Sized at 1.4mm with double trocar points, this K‑wire bridges the 0.9mm and 1.6mm standard gauges for fixation work needing intermediate shaft stiffness. The double‑ended format doubles usable length per pin during long‑bone and external‑fixation cases.
Stepping up to 1.6mm (0.062") in diameter, this double‑ended K‑wire variant adds shaft stiffness for fixation of larger bone fragments and external frames. The 305mm length and double trocar tips allow the surgeon to cut a fresh length from the unused end during the case.
This 1.6mm K‑wire with double‑ended trocar points on a compact 102mm shaft provides percutaneous fixation of larger bone fragments where the surgeon wants more usable length than a single‑ended format. The heavier shaft stiffness suits hand and foot work with substantial fragments.
Sized at 1.6mm with double trocar points on the standard long shaft, this K‑wire provides heavy‑gauge fixation at extended working length for larger‑fragment percutaneous work where the surgeon needs maximum reach.
This partially threaded double‑ended K‑wire carries trocar points on both ends of a 1.6mm × 152mm shaft, with the threaded section providing fixation purchase against bone. The 12‑per‑package format supports surgeon‑side selection during fracture and fixation cases.
This 0.7mm K‑wire with a single diamond point delivers fine percutaneous fixation through dense cortical bone, where the diamond geometry cuts more cleanly than the trocar variant at the smallest standard gauge. The single‑ended format suits one‑direction insertion.
Built at 1.1mm with a single diamond point, this K‑wire combines intermediate shaft stiffness with the sharper drilling geometry of the diamond tip, sized for fixation work where the wire must drill through dense cortical bone in a single direction.
Swapping the trocar for a diamond point, this 1.4mm (0.054") Kirschner wire reduces drilling deflection on hard cortical bone and dense fixation sites. The 230mm straight shaft drives the wire deep into long bone or across multiple fragments, and the single‑ended geometry seats cleanly into drill chucks. Supplied non‑sterile, five per package, with disposable stainless steel construction.
Sized at 1.6mm with a single diamond point, this K‑wire combines heavy shaft stiffness with the sharper drilling geometry of the diamond tip, suited to fixation work where the wire must drill through dense cortical bone in a single direction.
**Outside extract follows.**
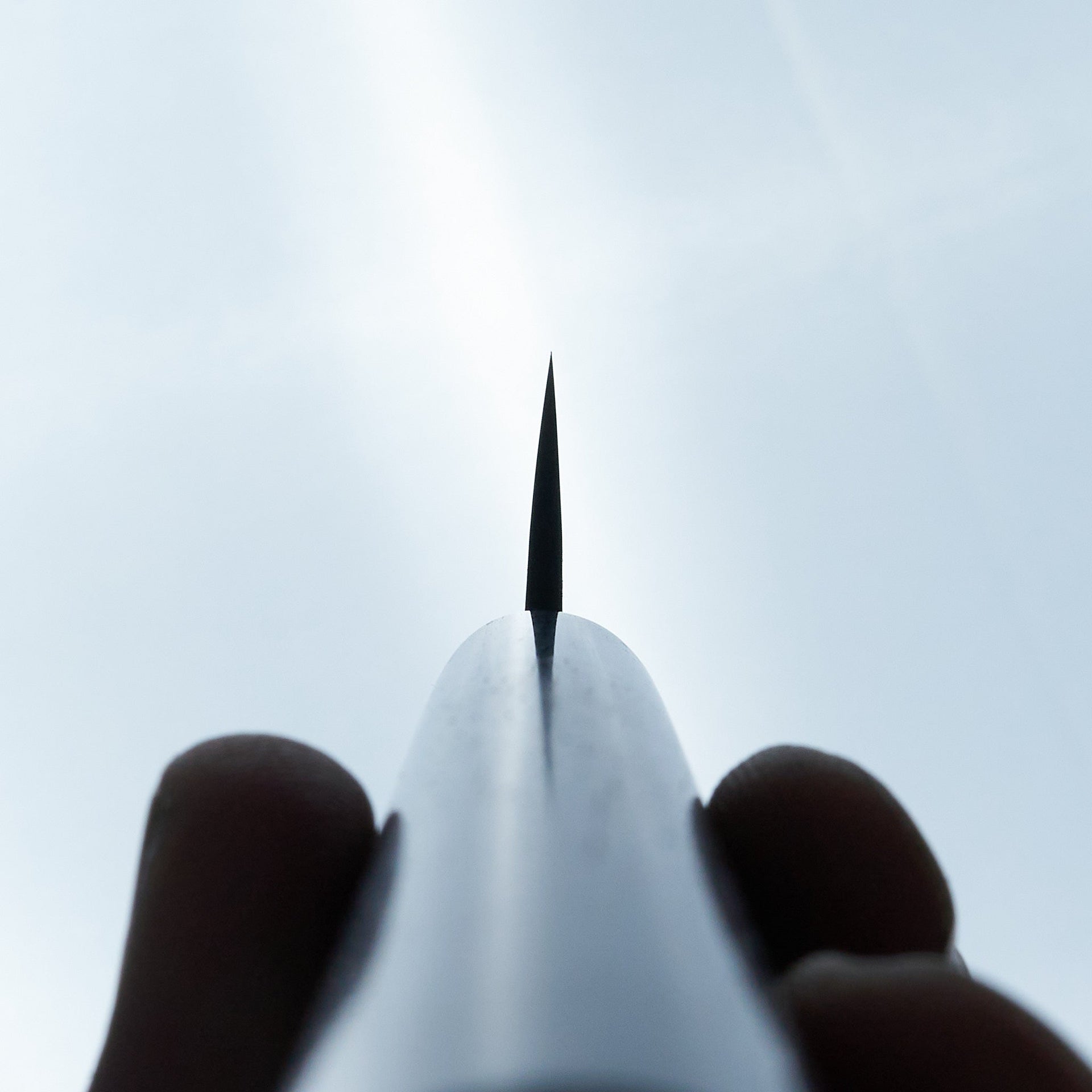 Katsushige Anryu Kurouchi White #2 Petty 120mm-Knife-Katsushige Anryu-Carbon Knife Co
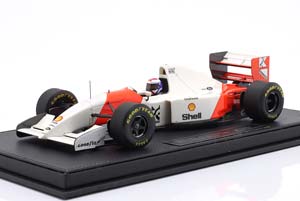 MCLAREN MP4/8 TEST SILVERSTONE FORMULA 1 1993 JOS VERSTAPPEN / МАКЛАРЕН MP4/8 ТЕСТ СИЛЬВЕРСТОУН ФОРМУЛА-1 ДЖОС ВЕРСТАППЕН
The fine 0.7mm (0.028") single‑ended K‑wire on a trocar point handles the smallest percutaneous fixations in hand and small‑bone work, where minimal cortical disturbance is wanted. The trocar tip drives cleanly through cortical bone without splitting.
Single‑ended Kirschner wires with a 0.7mm (0.028 inch) trocar point support percutaneous fixation of small bones in the hand, foot, and pediatric fracture work. The trocar geometry advances cleanly through cortical bone under power, and the 152mm length leaves adequate stock for cutting and bending after seating. Wires are packaged five per pack, non‑sterile, for clinic and OR processing.